Another unknown is the fate of the government’s spending cap, which was put in place by the Brazilian Congress in 2016 to limit budget expansion and reassure investors about the sustainability of public debt.
“There is a recognition that probably Lula and Bolsonaro are moving in the direction of increasing public spending permanently, which can potentially create a conflict with the survival of the spending cap,” said Porto. “So, that’s the main anxiety – if the spending cap is replaced, what will be the new fiscal anchor?”
That outcome could have diverging implications for financial markets.
“It could be that they tighten the spending cap, while making some items of spending more flexible, and that would be a good outcome,” said Stock. “But if they just scrap it and say there’s no need for these rules, that will be a big step backwards.”
While Brazilian financial markets are relatively calm compared to previous elections, some investors believe that tensions could ratchet up after the first round of voting ends on October 2.
“The issue with the second round is that it is essentially a new election, and we’ve seen that in the past candidates shift their platforms and messaging in a significant way,” said Luzio. “The second round is probably going to be tighter than people think. And that’s probably when we’re going to have more noise – the fireworks are going to come in the second round.”
Investors are also wary about Bolsonaro doubling down on the Trumpian tactics of casting doubt over the legitimacy of the election. Like Donald Trump, Bolsonaro has already claimed that electronic voting machines could be rigged against him.

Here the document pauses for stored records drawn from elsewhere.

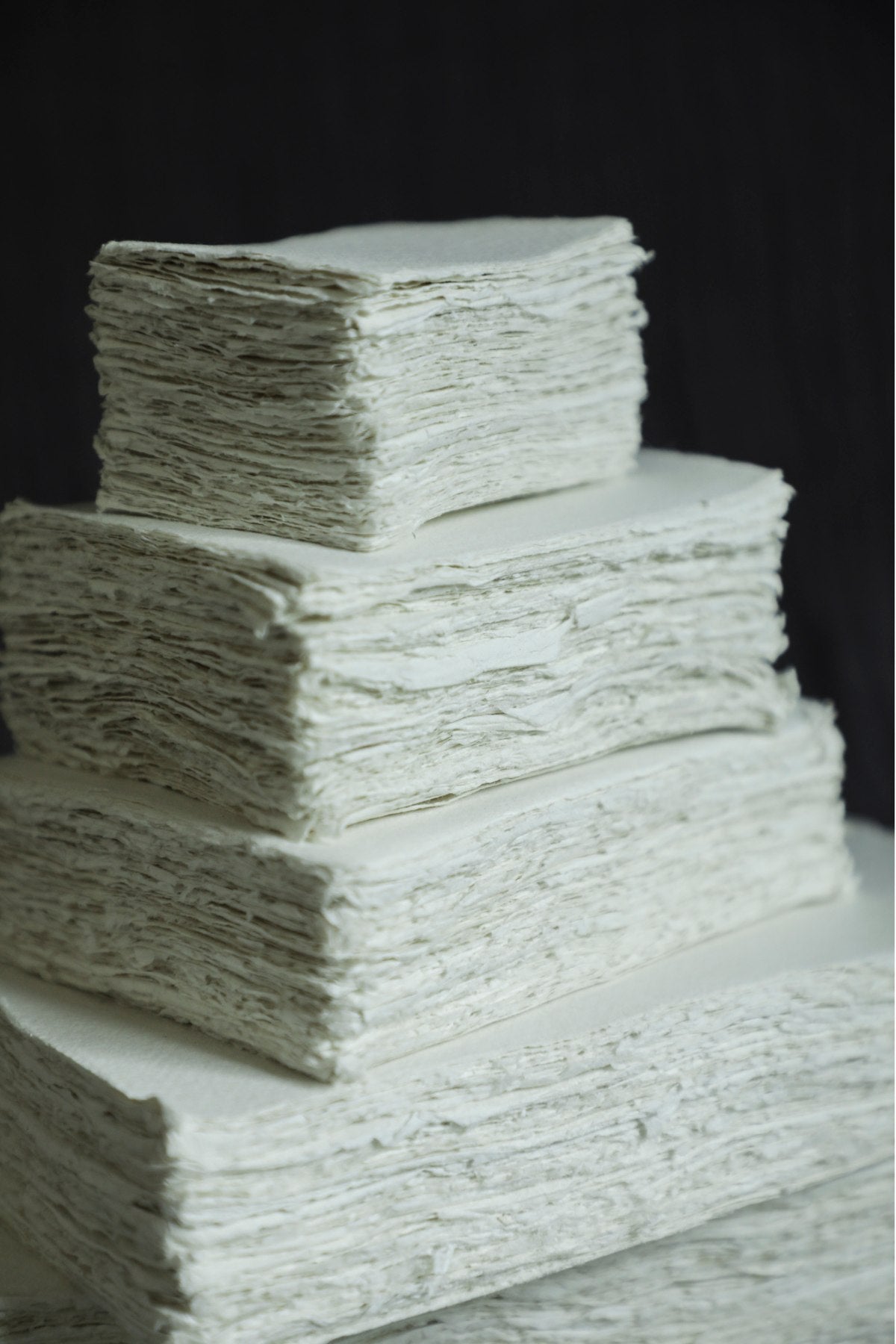 Stack of white paper sheets on a black background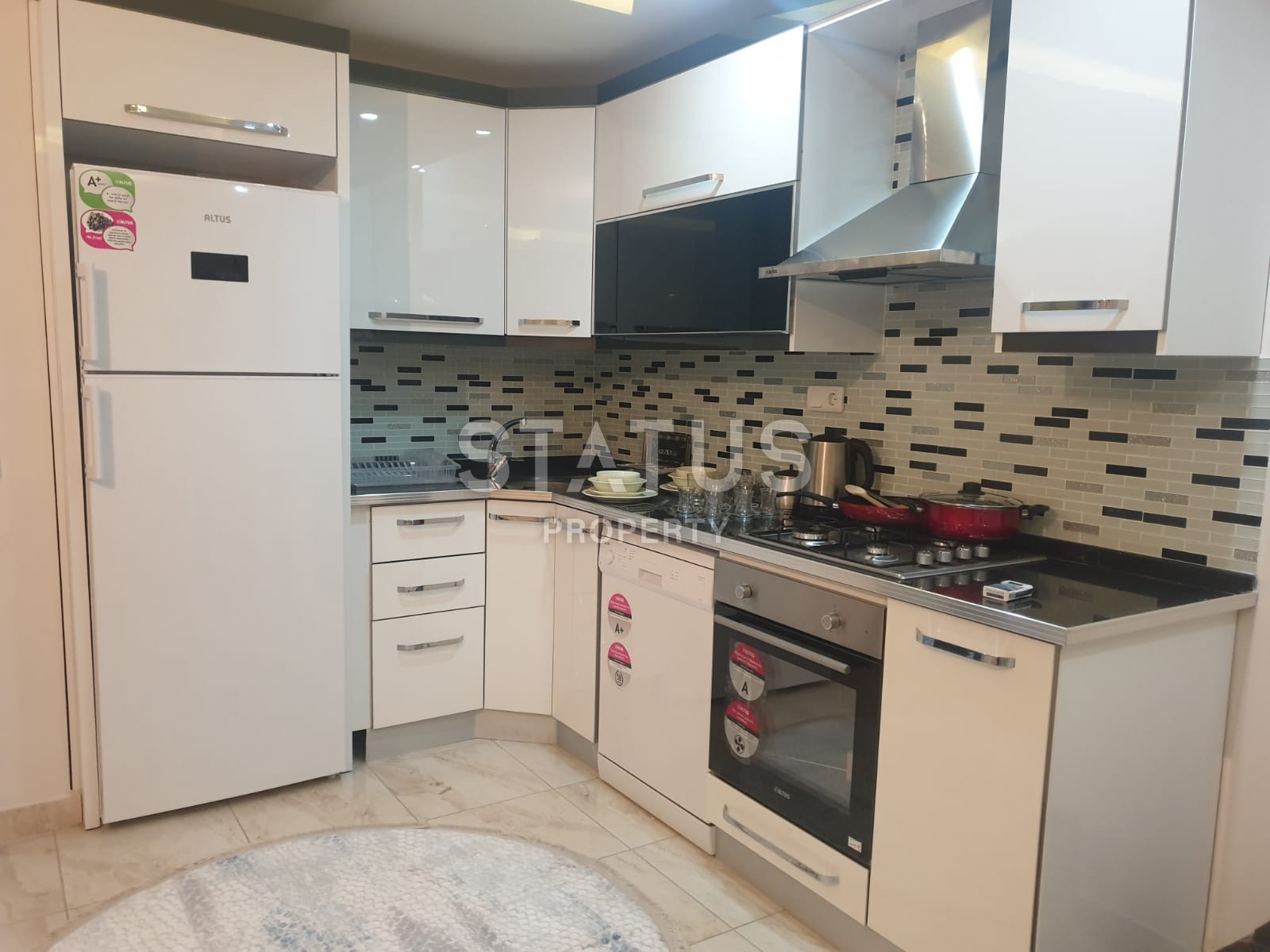 Меблированная двухкомнатная квартира в центре района Махмутлар, 75 м2 фото 7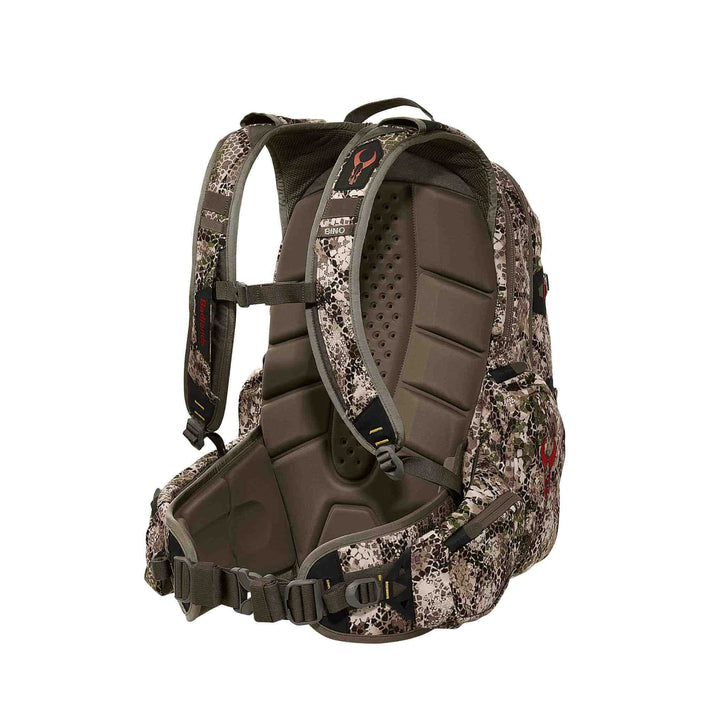 Badlands camo hunting backpack with padded straps and skull logo, designed for comfort and gear organization.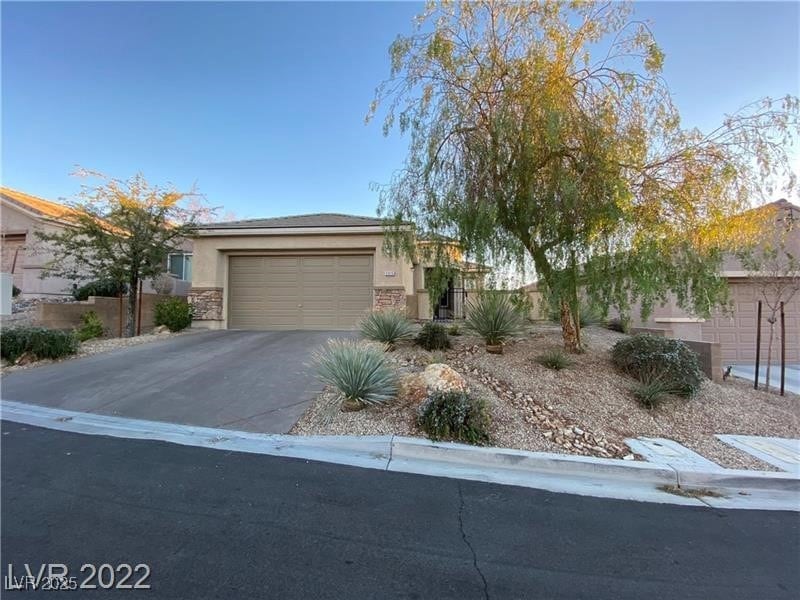 View of front of property with driveway, a garage,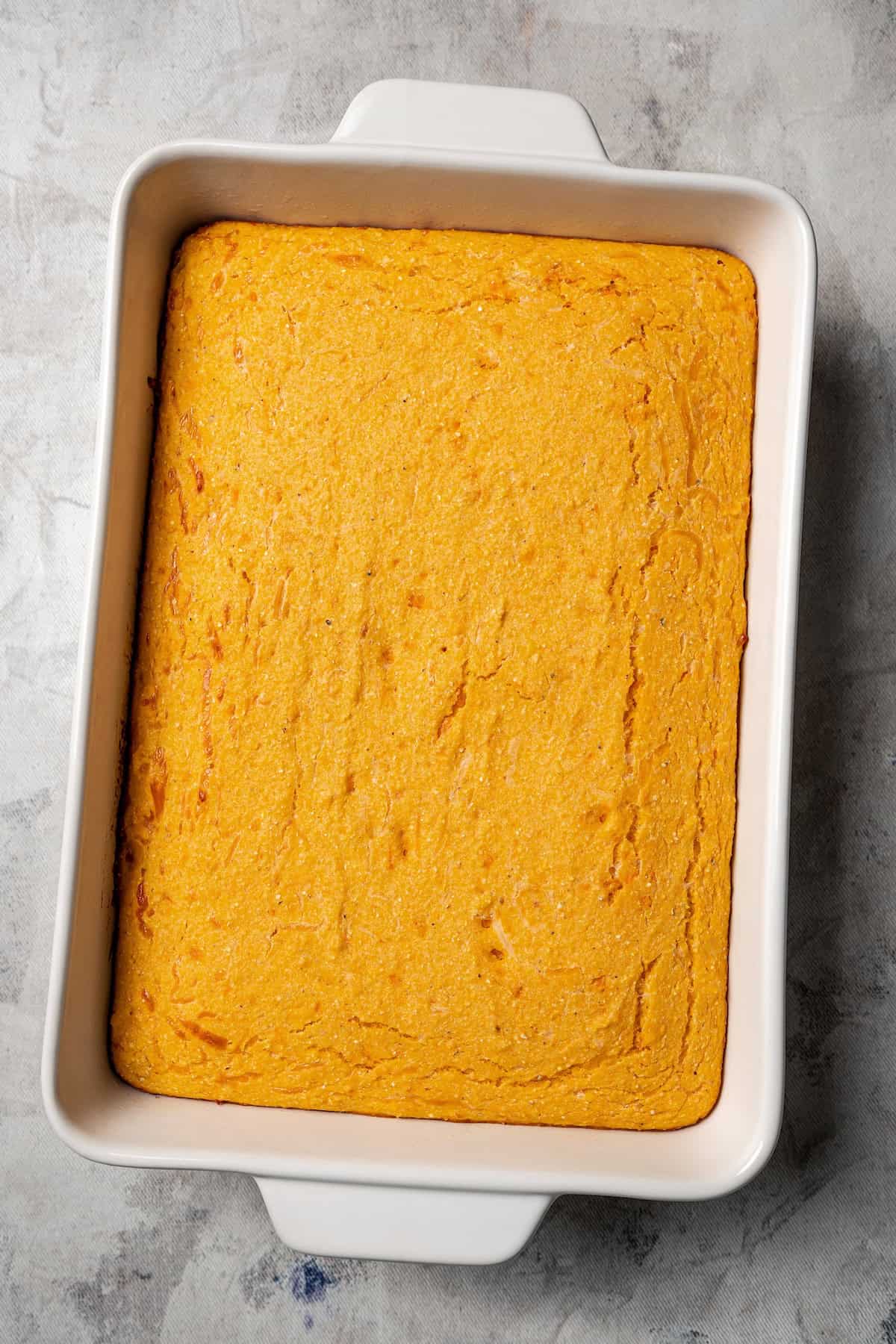 Baked sweet potato cornbread a casserole dish.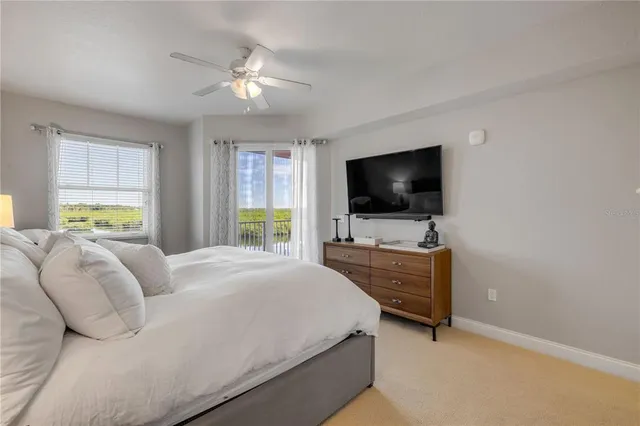 a bathroom with a bathtub and a double vanity sink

“If Bolsonaro closes the gap with Lula, it’s more likely that he will moderate and control his more extreme tendencies,” said Hall. “I am more worried about after the first round. If you get a situation in the second round where it looks like Bolsonaro is way behind, does he then start criticising institutions and the election? That would be more of a concern.”
To be sure, if Bolsonaro does try to cling to power if he loses, investors are confident Brazil’s institutions will hold – even if it does deliver a jolt to asset prices.
“There’s no institutional support for Bolsonaro not giving up power, but the concern is more what does he do to try and disrupt the transfer of power to Lula,” said Hall. “For example, does he try calling for a potential trucker strike. That could lead to some volatility. So, while there will be a transfer of power in Brazil, will it be messy enough to create market disruption? That’s the bigger concern the market still has.”
Yet, while the contrast between Lula and Bolsonaro is considered slender for now, in the long term the distinction in economic policy is likely to become more conspicuous. If Lula wins, the pace at which that happens will hinge on who he picks as his finance minister – something that investors will not know until after the election.
“The market is underplaying the microeconomic differences between the two which will play out over a longer time period, but whoever Lula appoints as his finance minister, they will be less market-friendly than Paulo Guedes [Bolsonaro’s finance minister],” said Hall.
“Lula has said look at my past government, but there was a huge difference between his first and second administrations. That’s the unanswered question for financial markets if Lula wins, and we’re not going to know the answer until at least December.”